There are 2 broad steps to receiving an event and we will dive into the details of each of the areas.
RegisterEventProcessorAsync - Initialization
Here is a typical code that you would use for registering an event processor.
var eventProcessorHost = new EventProcessorHost(
EventHubName,
PartitionReceiver.DefaultConsumerGroupName,
EventHubConnectionString,
StorageConnectionString,
StorageContainerName);
// Registers the Event Processor Host and starts receiving messages
await eventProcessorHost.RegisterEventProcessorAsync<SimpleEventProcessor>();
Here is what happens as a part of the registration.

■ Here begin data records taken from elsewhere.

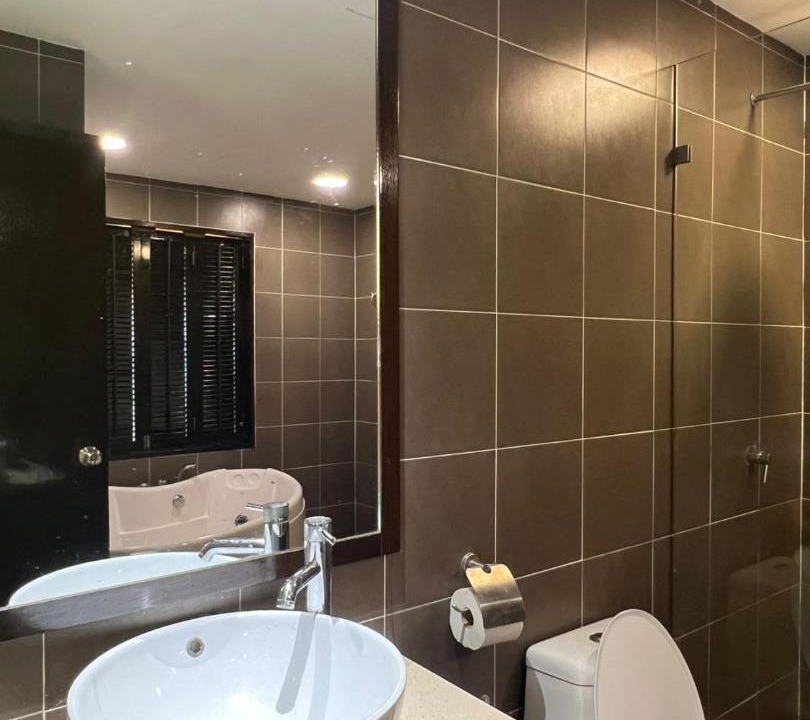 Photo of Others in Endah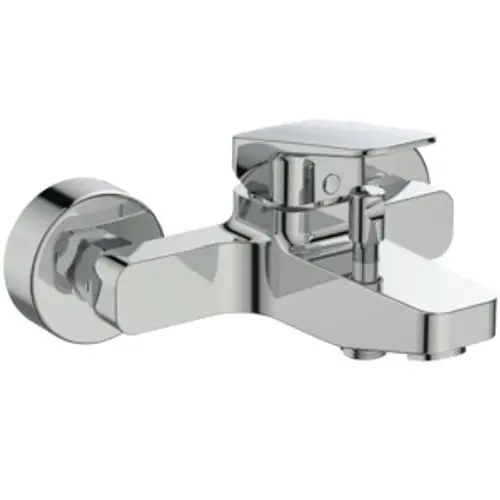 Badearmatur von Ideal Standard in chromatischer Ausführung, mit einem schlichten Design und einem Einhebel-Bediengriff für die Wasserregulierung.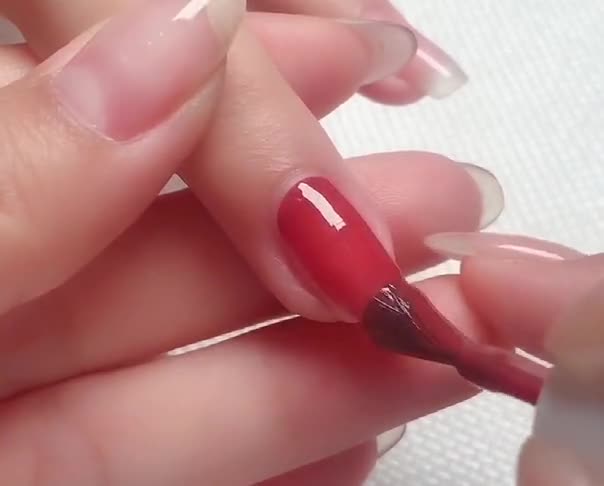 纯色美甲,干净又素雅,这浅淡的颜色,很适合做跳色!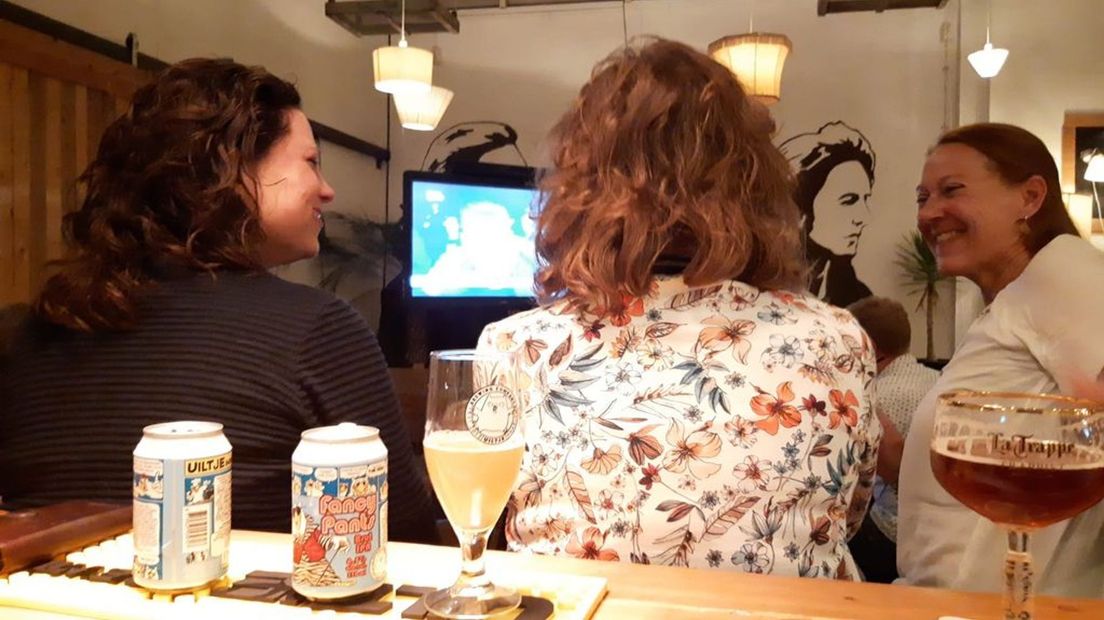 Doetinchemmers kijken The Passion in het café.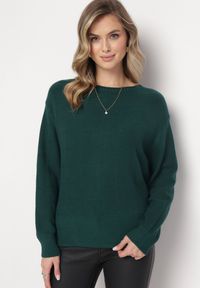Born2be - Ciemnozielony Klasyczny Sweter z Długim Rękawem Darissa. Kolor: zielony. Materiał: tkanina, dzianina. Długość rękawa: długi rękaw. Długość: długie. Styl: klasyczny #1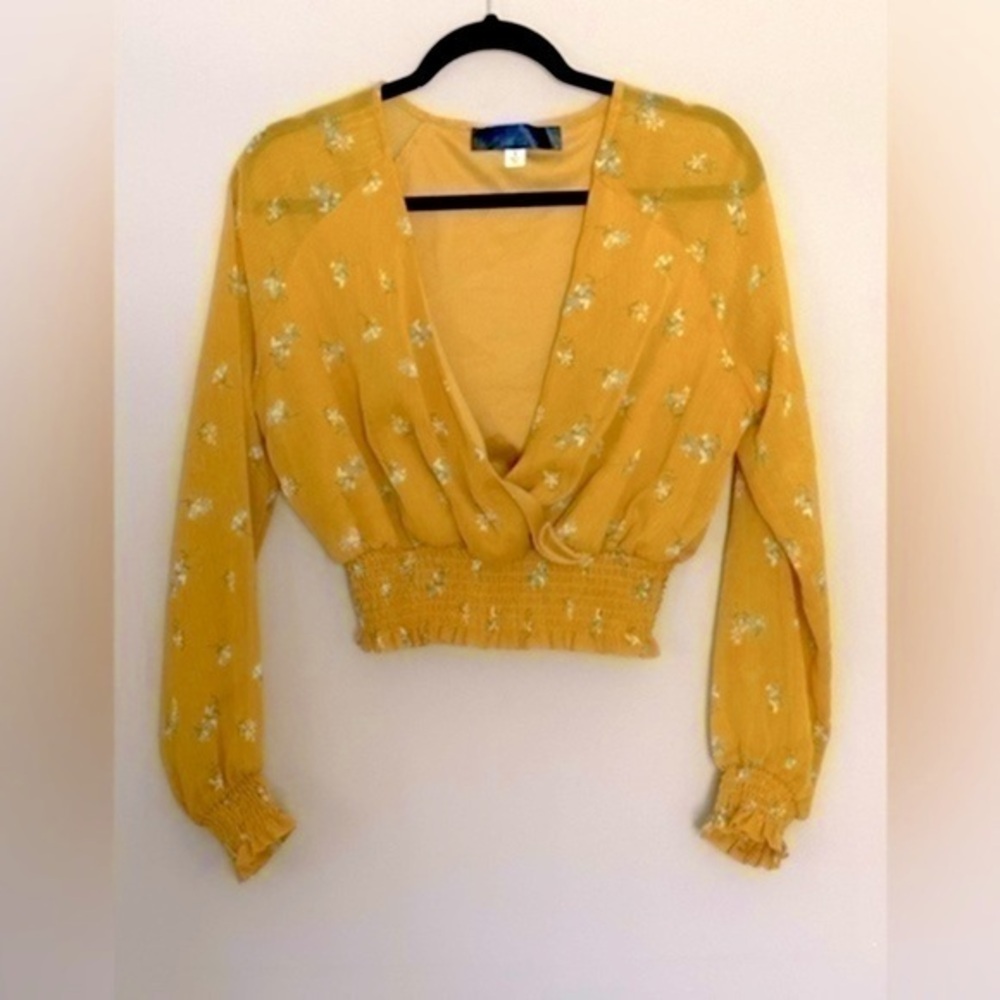 Blue Rain yellow floral long smocked sleeve and waist Top Size Med EUC
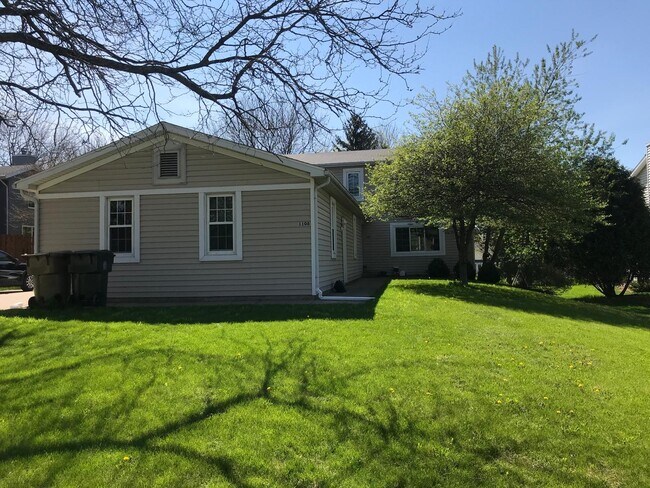1108 N Gammon Rd in Madison, WI - Building Photo - Building Photo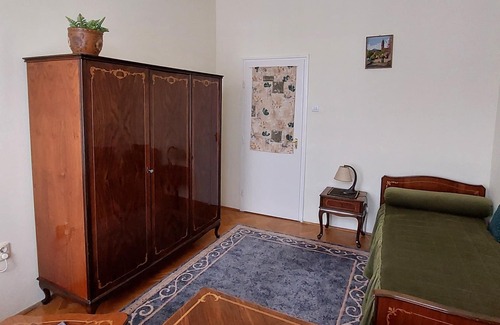 Erzsebetvaros Apartment | Spacious 3 BDR apartment in the city center, 110 sqm, A/C, elevator, balcony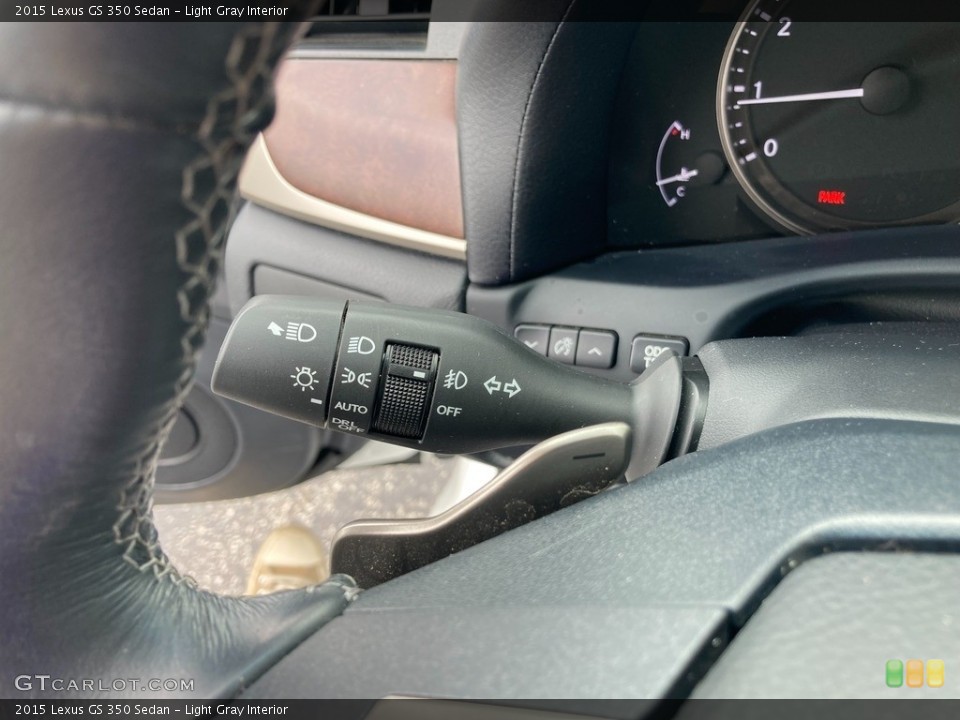 Light Gray Interior Controls for the 2015 Lexus GS 350 Sedan #144327163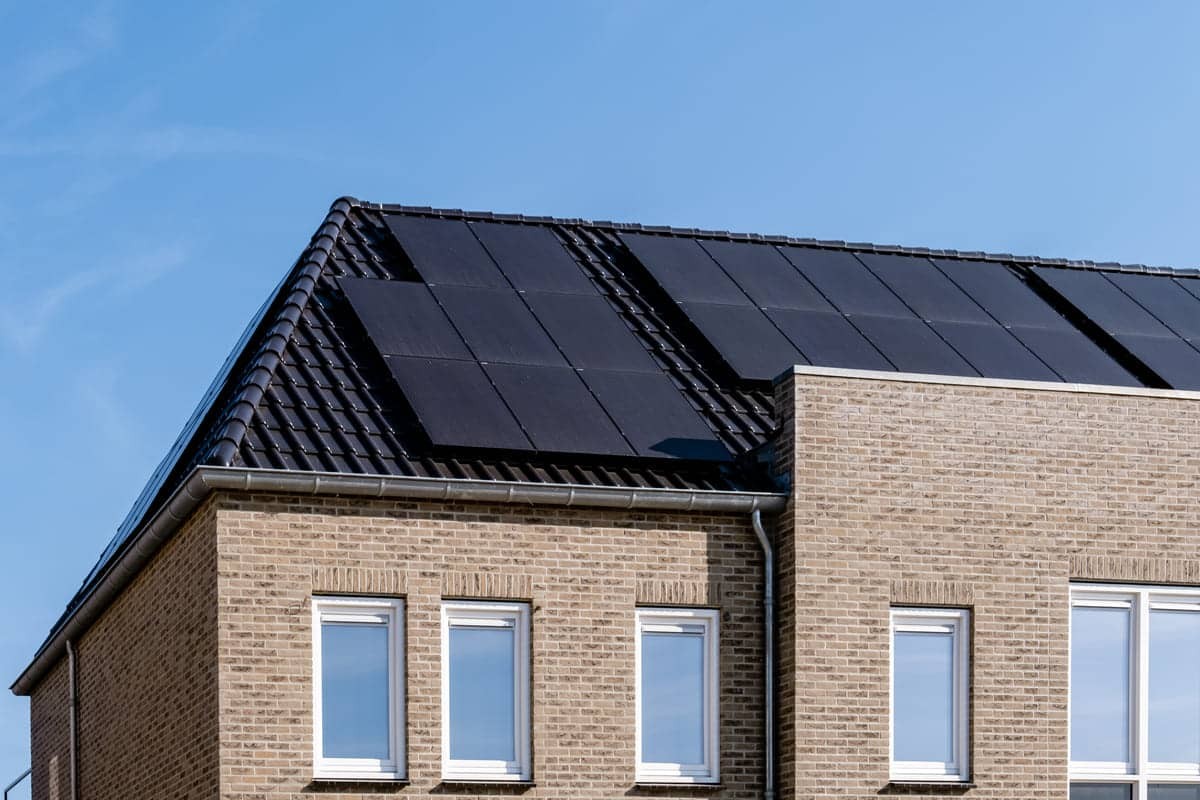 Kit Solaire VS Installation Complète : Quelle Solution Choisir ?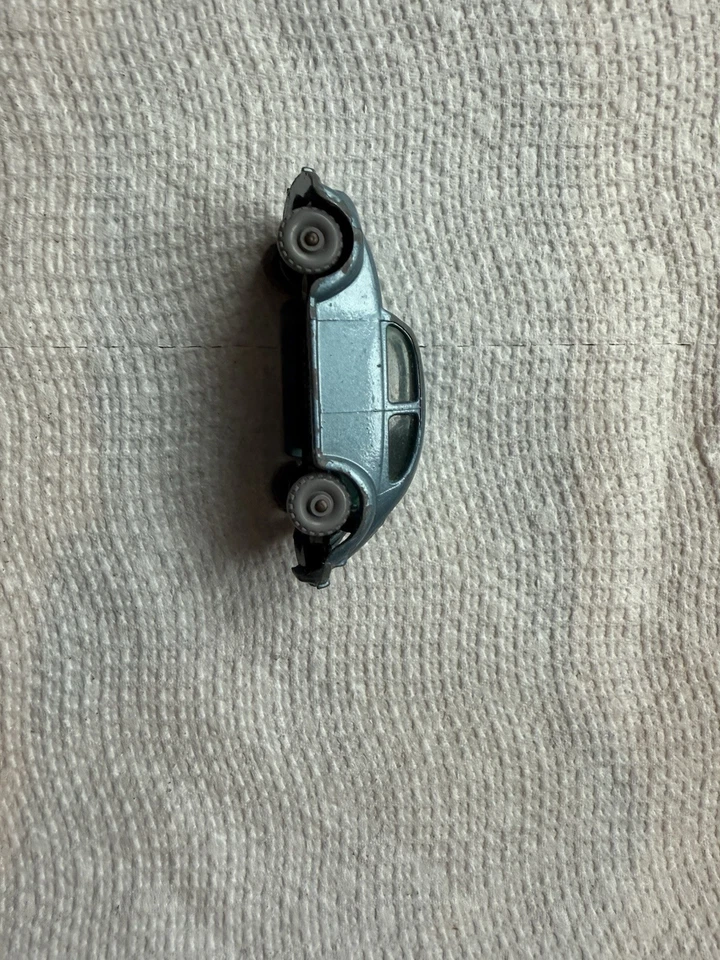 Caja de cerillas Volkswagen Nº25 vintage sin caja azul claro hecha en Inglaterra por Lesney Foto 1 de 1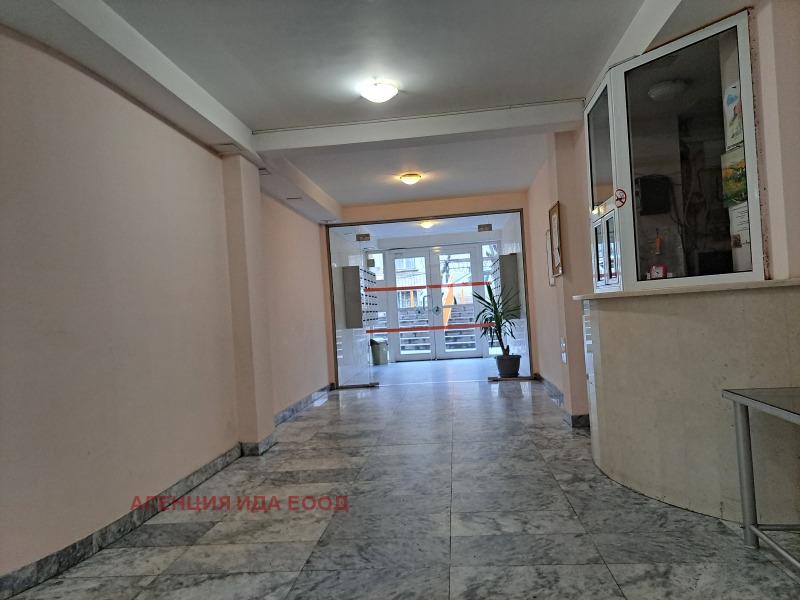 Продава 2-СТАЕН, гр. София, Хладилника, снимка 2 - Апартаменти - 53586987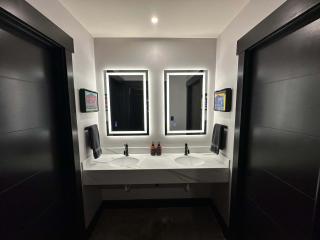 A12 Lower East Crown Exacta Suite - 5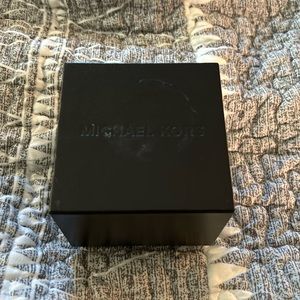 Michael Kors watch box w instruction booklet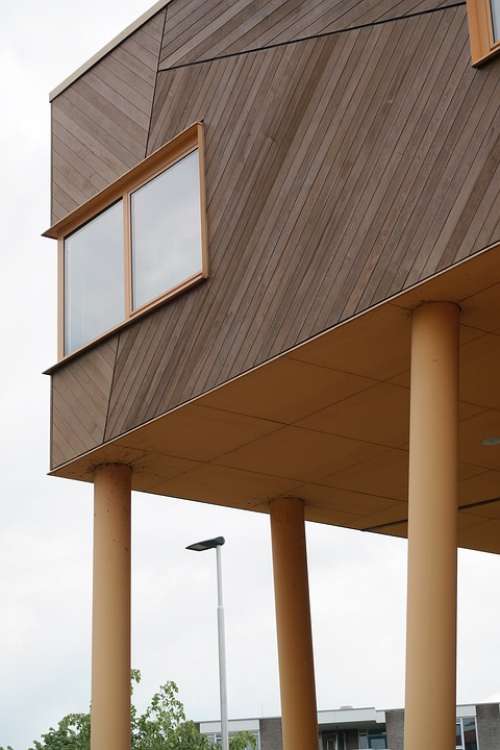 Building Futuristic Arnhem Office Architecture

- An Azure Storage CloudBlobClient is created with max execution time of 2 minutes.
- The PartitionManager is started which initializes the blob store.
- As a part of the initialization, first, it checks if the container exists.
- If not it will create the Azure blob container.
- Then it gets the run time information through an AMQP request to the Event Hub.
- The run time information has the partition count and partition ids.
- The response of the AMQP request looks like
-
It extracts the Partition Ids and then create the leases for each of the partitions.
- The blobs get created under
<containername>/$Default/<PartitonName>
-
The blob contents are
{ "Offset":null, "SequenceNumber":0, "PartitionId":"0", "Owner":"", "Token":"", "Epoch":0 }
- The blobs get created under
- Verify the checkpoint store exists. In this library checkpoints store is same as the lease store. So checkpoint operations turn into lease operations under the covers. Read the comment in the code here
- Similar to leases, it checks for the existence of checkpoints. Since it is the same as leases, it is marked as a no-op.
Initialization is now complete. Kicks off the run Async Processor and returns without waiting for RunAsync to complete
RegisterEventProcessorAsync - Run Async
As mentioned above, RunAsync part of the process is done asynchronously after RegisterEventProcessorAsync returns.
- The library checks the
$Default
blob directory and gets all the leases. -
It tries to renew downloaded leases
Then start the lease management process. As a part of lease management, the Partition Manager downloads the Lease Blob, rechecks, and then acquires the lease. Sets the owner to the current hostId uploads it back
For each Lease that is owned by the host, Partition Manager creates a Pump. The pump is responsible for querying the event hub for messages and pushing it to the subscriber
- Refresh the Blob again so that we get the latest and check the hostname and check its expiry.
- If everything looks alright we create the pump
- We open the Pump using Open Async
- Then pump fetches the lease blob and checks for offset.
- The pump keeps checking for messages and keeps pushing them to the Event Processor
Overall there are 3 sections in Azure Event Hub
- Partition Manager - This takes care of Lease Management & Creation of Pumps
- Event Hub Partition Pump - This is responsible for pushing the events to the Event Processor
- AMQPPartitionReceiver - This handles the AMQP side of things when receiving a message.